* WORKING DATA *
+ + +
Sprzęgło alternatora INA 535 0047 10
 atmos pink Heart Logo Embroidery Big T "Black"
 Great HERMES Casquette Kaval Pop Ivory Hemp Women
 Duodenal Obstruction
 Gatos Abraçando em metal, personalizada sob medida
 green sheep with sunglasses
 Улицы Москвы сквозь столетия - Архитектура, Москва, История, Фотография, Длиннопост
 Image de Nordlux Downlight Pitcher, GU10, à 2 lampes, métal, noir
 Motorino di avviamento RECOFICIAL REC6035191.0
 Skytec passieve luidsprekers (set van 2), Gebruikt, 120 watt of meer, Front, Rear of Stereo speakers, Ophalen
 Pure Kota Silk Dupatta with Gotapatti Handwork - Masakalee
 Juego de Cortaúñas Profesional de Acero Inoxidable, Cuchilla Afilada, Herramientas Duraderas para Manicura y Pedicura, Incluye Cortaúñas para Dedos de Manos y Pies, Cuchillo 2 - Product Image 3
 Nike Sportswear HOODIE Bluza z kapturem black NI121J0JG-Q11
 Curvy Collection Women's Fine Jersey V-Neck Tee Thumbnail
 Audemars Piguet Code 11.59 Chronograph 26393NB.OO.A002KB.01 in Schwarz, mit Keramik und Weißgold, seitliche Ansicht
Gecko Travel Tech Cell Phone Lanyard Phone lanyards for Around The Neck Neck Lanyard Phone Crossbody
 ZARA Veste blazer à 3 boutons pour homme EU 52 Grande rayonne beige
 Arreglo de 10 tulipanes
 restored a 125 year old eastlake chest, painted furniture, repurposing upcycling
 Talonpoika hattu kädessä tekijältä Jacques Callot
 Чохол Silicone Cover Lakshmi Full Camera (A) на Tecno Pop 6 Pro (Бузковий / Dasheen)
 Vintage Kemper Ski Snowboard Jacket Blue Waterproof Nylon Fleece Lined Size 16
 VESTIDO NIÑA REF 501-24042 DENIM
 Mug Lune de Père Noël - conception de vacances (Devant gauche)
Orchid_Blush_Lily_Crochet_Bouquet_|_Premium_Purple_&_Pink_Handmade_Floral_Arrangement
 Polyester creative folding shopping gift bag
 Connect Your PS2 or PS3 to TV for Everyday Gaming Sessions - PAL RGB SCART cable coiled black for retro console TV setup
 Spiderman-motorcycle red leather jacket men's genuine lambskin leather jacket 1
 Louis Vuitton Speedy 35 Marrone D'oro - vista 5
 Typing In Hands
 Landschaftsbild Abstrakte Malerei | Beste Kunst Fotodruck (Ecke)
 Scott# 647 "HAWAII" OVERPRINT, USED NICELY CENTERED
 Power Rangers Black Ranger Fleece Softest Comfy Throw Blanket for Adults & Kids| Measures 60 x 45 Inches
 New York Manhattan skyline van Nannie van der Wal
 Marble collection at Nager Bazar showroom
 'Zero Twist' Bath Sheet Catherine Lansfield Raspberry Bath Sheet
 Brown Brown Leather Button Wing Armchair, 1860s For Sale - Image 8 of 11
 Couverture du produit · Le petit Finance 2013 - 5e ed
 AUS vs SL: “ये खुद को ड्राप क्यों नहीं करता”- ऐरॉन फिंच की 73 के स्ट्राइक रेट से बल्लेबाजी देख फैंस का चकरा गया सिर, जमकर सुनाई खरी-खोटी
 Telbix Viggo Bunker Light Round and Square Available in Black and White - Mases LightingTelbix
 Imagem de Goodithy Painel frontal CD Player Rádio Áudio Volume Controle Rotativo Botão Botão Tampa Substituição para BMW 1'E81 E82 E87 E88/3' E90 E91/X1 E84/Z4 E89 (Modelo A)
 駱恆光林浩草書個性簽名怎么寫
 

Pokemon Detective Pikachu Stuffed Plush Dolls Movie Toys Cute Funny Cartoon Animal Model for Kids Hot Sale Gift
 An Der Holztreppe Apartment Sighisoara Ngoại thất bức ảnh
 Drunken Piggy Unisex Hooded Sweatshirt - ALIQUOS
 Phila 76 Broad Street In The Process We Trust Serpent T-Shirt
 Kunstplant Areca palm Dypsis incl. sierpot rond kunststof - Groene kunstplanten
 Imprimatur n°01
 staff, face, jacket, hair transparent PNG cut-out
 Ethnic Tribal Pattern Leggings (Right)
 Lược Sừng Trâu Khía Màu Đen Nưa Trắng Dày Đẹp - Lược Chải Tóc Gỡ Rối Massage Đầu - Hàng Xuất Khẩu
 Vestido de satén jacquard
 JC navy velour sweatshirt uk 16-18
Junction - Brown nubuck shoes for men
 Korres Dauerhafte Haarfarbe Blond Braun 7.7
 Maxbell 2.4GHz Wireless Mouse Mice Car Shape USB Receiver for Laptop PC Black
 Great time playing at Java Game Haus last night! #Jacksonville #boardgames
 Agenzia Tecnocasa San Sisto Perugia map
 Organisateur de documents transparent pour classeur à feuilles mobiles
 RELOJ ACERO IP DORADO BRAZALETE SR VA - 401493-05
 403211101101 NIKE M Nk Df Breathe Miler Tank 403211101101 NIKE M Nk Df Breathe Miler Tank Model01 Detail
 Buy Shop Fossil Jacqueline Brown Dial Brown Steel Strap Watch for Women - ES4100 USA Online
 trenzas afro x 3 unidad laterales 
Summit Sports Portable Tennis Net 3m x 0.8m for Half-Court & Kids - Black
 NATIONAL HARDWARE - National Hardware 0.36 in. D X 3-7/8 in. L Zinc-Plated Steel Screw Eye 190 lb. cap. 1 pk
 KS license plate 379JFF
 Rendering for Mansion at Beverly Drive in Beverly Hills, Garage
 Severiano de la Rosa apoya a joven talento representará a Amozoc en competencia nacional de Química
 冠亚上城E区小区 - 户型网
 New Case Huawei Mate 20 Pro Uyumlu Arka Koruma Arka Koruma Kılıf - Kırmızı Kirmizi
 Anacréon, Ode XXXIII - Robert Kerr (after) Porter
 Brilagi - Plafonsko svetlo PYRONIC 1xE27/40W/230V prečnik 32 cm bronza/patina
+ + +
Retype the material exactly.

Sprzęgło alternatora INA 535 0047 10
 atmos pink Heart Logo Embroidery Big T "Black"
 Great HERMES Casquette Kaval Pop Ivory Hemp Women
 Duodenal Obstruction
 Gatos Abraçando em metal, personalizada sob medida
 green sheep with sunglasses
 Улицы Москвы сквозь столетия - Архитектура, Москва, История, Фотография, Длиннопост
 Image de Nordlux Downlight Pitcher, GU10, à 2 lampes, métal, noir
 Motorino di avviamento RECOFICIAL REC6035191.0
 Skytec passieve luidsprekers (set van 2), Gebruikt, 120 watt of meer, Front, Rear of Stereo speakers, Ophalen
 Pure Kota Silk Dupatta with Gotapatti Handwork - Masakalee
 Juego de Cortaúñas Profesional de Acero Inoxidable, Cuchilla Afilada, Herramientas Duraderas para Manicura y Pedicura, Incluye Cortaúñas para Dedos de Manos y Pies, Cuchillo 2 - Product Image 3
 Nike Sportswear HOODIE Bluza z kapturem black NI121J0JG-Q11
 Curvy Collection Women's Fine Jersey V-Neck Tee Thumbnail
 Audemars Piguet Code 11.59 Chronograph 26393NB.OO.A002KB.01 in Schwarz, mit Keramik und Weißgold, seitliche Ansicht
Gecko Travel Tech Cell Phone Lanyard Phone lanyards for Around The Neck Neck Lanyard Phone Crossbody
 ZARA Veste blazer à 3 boutons pour homme EU 52 Grande rayonne beige
 Arreglo de 10 tulipanes
 restored a 125 year old eastlake chest, painted furniture, repurposing upcycling
 Talonpoika hattu kädessä tekijältä Jacques Callot
 Чохол Silicone Cover Lakshmi Full Camera (A) на Tecno Pop 6 Pro (Бузковий / Dasheen)
 Vintage Kemper Ski Snowboard Jacket Blue Waterproof Nylon Fleece Lined Size 16
 VESTIDO NIÑA REF 501-24042 DENIM
 Mug Lune de Père Noël - conception de vacances (Devant gauche)
Orchid_Blush_Lily_Crochet_Bouquet_|_Premium_Purple_&_Pink_Handmade_Floral_Arrangement
 Polyester creative folding shopping gift bag
 Connect Your PS2 or PS3 to TV for Everyday Gaming Sessions - PAL RGB SCART cable coiled black for retro console TV setup
 Spiderman-motorcycle red leather jacket men's genuine lambskin leather jacket 1
 Louis Vuitton Speedy 35 Marrone D'oro - vista 5
 Typing In Hands
 Landschaftsbild Abstrakte Malerei | Beste Kunst Fotodruck (Ecke)
 Scott# 647 "HAWAII" OVERPRINT, USED NICELY CENTERED
 Power Rangers Black Ranger Fleece Softest Comfy Throw Blanket for Adults & Kids| Measures 60 x 45 Inches
 New York Manhattan skyline van Nannie van der Wal
 Marble collection at Nager Bazar showroom
 'Zero Twist' Bath Sheet Catherine Lansfield Raspberry Bath Sheet
 Brown Brown Leather Button Wing Armchair, 1860s For Sale - Image 8 of 11
 Couverture du produit · Le petit Finance 2013 - 5e ed
 AUS vs SL: “ये खुद को ड्राप क्यों नहीं करता”- ऐरॉन फिंच की 73 के स्ट्राइक रेट से बल्लेबाजी देख फैंस का चकरा गया सिर, जमकर सुनाई खरी-खोटी
 Telbix Viggo Bunker Light Round and Square Available in Black and White - Mases LightingTelbix
 Imagem de Goodithy Painel frontal CD Player Rádio Áudio Volume Controle Rotativo Botão Botão Tampa Substituição para BMW 1'E81 E82 E87 E88/3' E90 E91/X1 E84/Z4 E89 (Modelo A)
 駱恆光林浩草書個性簽名怎么寫
 

Pokemon Detective Pikachu Stuffed Plush Dolls Movie Toys Cute Funny Cartoon Animal Model for Kids Hot Sale Gift
 An Der Holztreppe Apartment Sighisoara Ngoại thất bức ảnh
 Drunken Piggy Unisex Hooded Sweatshirt - ALIQUOS
 Phila 76 Broad Street In The Process We Trust Serpent T-Shirt
 Kunstplant Areca palm Dypsis incl. sierpot rond kunststof - Groene kunstplanten
 Imprimatur n°01
 staff, face, jacket, hair transparent PNG cut-out
 Ethnic Tribal Pattern Leggings (Right)
 Lược Sừng Trâu Khía Màu Đen Nưa Trắng Dày Đẹp - Lược Chải Tóc Gỡ Rối Massage Đầu - Hàng Xuất Khẩu
 Vestido de satén jacquard
 JC navy velour sweatshirt uk 16-18
Junction - Brown nubuck shoes for men
 Korres Dauerhafte Haarfarbe Blond Braun 7.7
 Maxbell 2.4GHz Wireless Mouse Mice Car Shape USB Receiver for Laptop PC Black
 Great time playing at Java Game Haus last night! #Jacksonville #boardgames
 Agenzia Tecnocasa San Sisto Perugia map
 Organisateur de documents transparent pour classeur à feuilles mobiles
 RELOJ ACERO IP DORADO BRAZALETE SR VA - 401493-05
 403211101101 NIKE M Nk Df Breathe Miler Tank 403211101101 NIKE M Nk Df Breathe Miler Tank Model01 Detail
 Buy Shop Fossil Jacqueline Brown Dial Brown Steel Strap Watch for Women - ES4100 USA Online
 trenzas afro x 3 unidad laterales 
Summit Sports Portable Tennis Net 3m x 0.8m for Half-Court & Kids - Black
 NATIONAL HARDWARE - National Hardware 0.36 in. D X 3-7/8 in. L Zinc-Plated Steel Screw Eye 190 lb. cap. 1 pk
 KS license plate 379JFF
 Rendering for Mansion at Beverly Drive in Beverly Hills, Garage
 Severiano de la Rosa apoya a joven talento representará a Amozoc en competencia nacional de Química
 冠亚上城E区小区 - 户型网
 New Case Huawei Mate 20 Pro Uyumlu Arka Koruma Arka Koruma Kılıf - Kırmızı Kirmizi
 Anacréon, Ode XXXIII - Robert Kerr (after) Porter
 Brilagi - Plafonsko svetlo PYRONIC 1xE27/40W/230V prečnik 32 cm bronza/patina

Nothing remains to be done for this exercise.